Comment est dirigé le CNPZ ?

Les trois organisations  fondatrices ont désigné des membres qui forment le comité de pilotage. Ils assurent la présidence de manière tournante. Tous les quatre mois, il y a un président. Quand il y a une décision importante, toutes les trois organisations se réunissent. Il y a l’administration dont je suis le gestionnaire avec un personnel composé d’assistant de direction, de chauffeurs, de secrétaire, de comptable…

Cela fait 18 ans que Norbert Zongo a été assassiné.
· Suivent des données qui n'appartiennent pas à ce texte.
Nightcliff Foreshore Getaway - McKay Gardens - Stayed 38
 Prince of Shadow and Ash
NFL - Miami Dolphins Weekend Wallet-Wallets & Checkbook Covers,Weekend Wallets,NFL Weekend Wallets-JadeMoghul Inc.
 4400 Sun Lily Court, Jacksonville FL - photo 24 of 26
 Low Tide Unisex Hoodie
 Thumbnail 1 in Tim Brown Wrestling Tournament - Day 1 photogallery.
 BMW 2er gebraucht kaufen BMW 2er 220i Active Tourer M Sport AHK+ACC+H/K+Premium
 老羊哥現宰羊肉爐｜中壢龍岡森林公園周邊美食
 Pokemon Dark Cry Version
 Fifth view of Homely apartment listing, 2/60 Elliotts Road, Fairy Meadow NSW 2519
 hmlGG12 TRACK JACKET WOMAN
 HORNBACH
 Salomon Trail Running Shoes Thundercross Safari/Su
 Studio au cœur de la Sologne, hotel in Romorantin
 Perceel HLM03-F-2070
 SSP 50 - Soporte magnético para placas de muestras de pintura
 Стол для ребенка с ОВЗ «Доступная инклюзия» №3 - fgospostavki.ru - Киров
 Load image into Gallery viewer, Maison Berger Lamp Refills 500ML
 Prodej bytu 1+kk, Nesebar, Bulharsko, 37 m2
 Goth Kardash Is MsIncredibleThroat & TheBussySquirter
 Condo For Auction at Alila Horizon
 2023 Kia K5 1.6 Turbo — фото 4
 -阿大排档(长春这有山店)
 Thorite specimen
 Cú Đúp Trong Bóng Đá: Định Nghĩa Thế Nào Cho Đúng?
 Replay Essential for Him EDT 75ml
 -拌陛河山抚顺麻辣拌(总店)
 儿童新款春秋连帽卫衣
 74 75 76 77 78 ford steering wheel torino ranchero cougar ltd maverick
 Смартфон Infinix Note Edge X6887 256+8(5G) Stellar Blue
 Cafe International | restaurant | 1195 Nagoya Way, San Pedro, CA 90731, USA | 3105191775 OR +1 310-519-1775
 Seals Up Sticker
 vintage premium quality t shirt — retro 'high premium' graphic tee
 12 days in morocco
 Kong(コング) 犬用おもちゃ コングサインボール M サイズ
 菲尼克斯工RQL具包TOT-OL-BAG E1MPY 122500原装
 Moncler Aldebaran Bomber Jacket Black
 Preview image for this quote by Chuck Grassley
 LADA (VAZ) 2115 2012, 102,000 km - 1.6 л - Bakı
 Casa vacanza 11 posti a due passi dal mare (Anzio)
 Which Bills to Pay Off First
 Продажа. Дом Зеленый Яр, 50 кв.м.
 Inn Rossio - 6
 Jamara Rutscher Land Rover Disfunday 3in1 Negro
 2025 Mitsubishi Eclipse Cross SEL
Quelles sont les attentes du CNPZ ?

Justice ! Justice ! Justice ! Les gens n’ont qu’à faire pardon. Vraiment, on veut éteindre la lampe. Ils n’ont qu’à faire pardon. Sous Blaise Compaoré, on pouvait comprendre qu’ils ne fassent pas justice. Mais depuis, on a changé. On n’attend rien d’autre que la justice. Ce n’est pas nous seulement. Tout le Burkina veut la justice. N’oubliez pas que le 13 décembre est l’élément déclencheur et catalyseur qui a abouti à l’insurrection. Il ne faut pas que les gens s’amusent avec.